Before: HUG, CANBY and HAWKINS, Circuit Judges.
Michael Lee Dominguez appeals his conviction and sentence for criminal contempt in violation of 18 U.S.C. Sec. 401(3). We affirm in part, reverse in part, and remand for resentencing.
I. DISMISSAL OF THE INDICTMENT
"We are divided as to whether the denial of a motion to dismiss an indictment is reviewed de novo or for an abuse of discretion." United States v. Woodley, 9 F.3d 774, 777 (9th Cir.1993). But under either standard, it is clear that the district court did not err by declining to dismiss Dominguez's indictment.

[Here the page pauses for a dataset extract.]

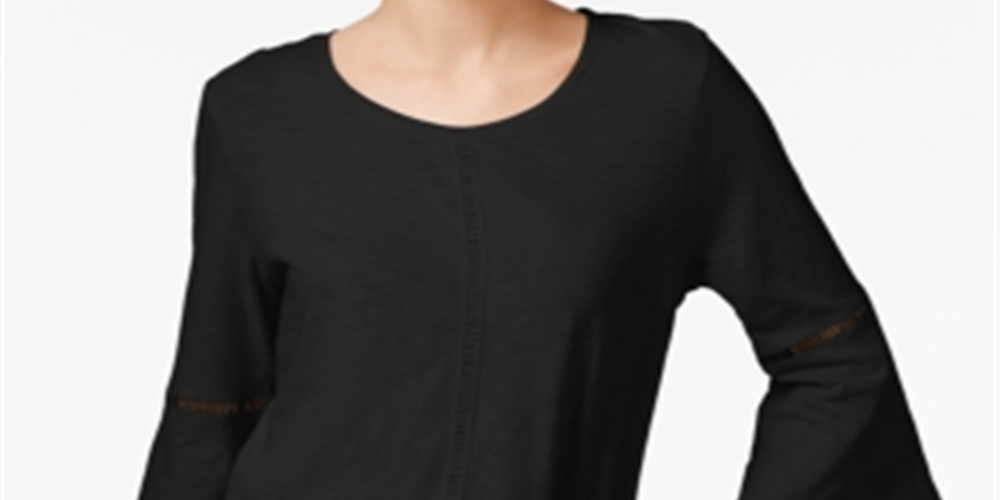 Blusa feminina estilo &amp; co com manga sino e acabamento em crochê, preta, tamanho pequeno P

The indictment charges that Dominguez:
did knowingly and willfully, refuse to be sworn and to answer material questions put to him when called as a witness during [Laurence Ettinger's trial], as he was then and there required to do so by the Honorable Howard D. McKibben ... by Judge McKibben's Oral Orders ... compelling [Dominguez] to be sworn as a witness and to testify....
Dominguez maintains that Judge McKibben relied "on the order of Judge George allegedly signed and filed in the Homick trial." This argument is without merit.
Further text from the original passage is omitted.